- [Task prompt]
A verbatim copy is needed of the lines below from the one containing "The national government" up to and including the one containing "Let's implement a", excluding pictures.

- [Data supplied]
—————
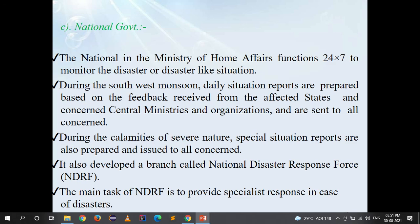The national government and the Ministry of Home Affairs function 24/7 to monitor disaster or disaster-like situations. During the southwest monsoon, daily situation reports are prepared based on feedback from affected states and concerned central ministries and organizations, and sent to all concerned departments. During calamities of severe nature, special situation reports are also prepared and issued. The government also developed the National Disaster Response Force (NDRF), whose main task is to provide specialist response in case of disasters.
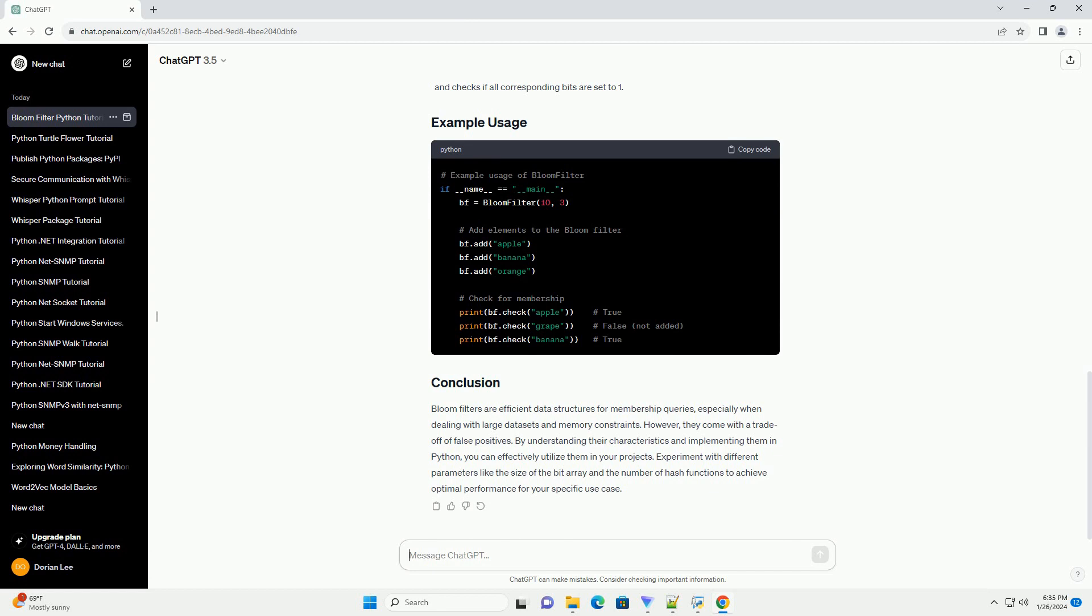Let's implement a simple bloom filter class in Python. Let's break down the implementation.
—————
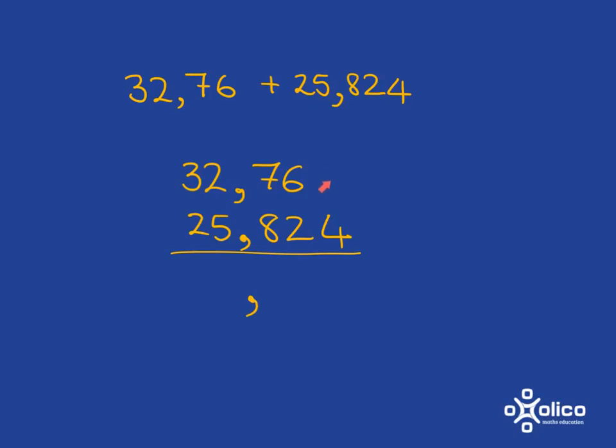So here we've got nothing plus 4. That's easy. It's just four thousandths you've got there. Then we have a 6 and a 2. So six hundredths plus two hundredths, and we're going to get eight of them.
—————
- [Response]
The national government and the Ministry of Home Affairs function 24/7 to monitor disaster or disaster-like situations. During the southwest monsoon, daily situation reports are prepared based on feedback from affected states and concerned central ministries and organizations, and sent to all concerned departments. During calamities of severe nature, special situation reports are also prepared and issued. The government also developed the National Disaster Response Force (NDRF), whose main task is to provide specialist response in case of disasters.
Let's implement a simple bloom filter class in Python. Let's break down the implementation.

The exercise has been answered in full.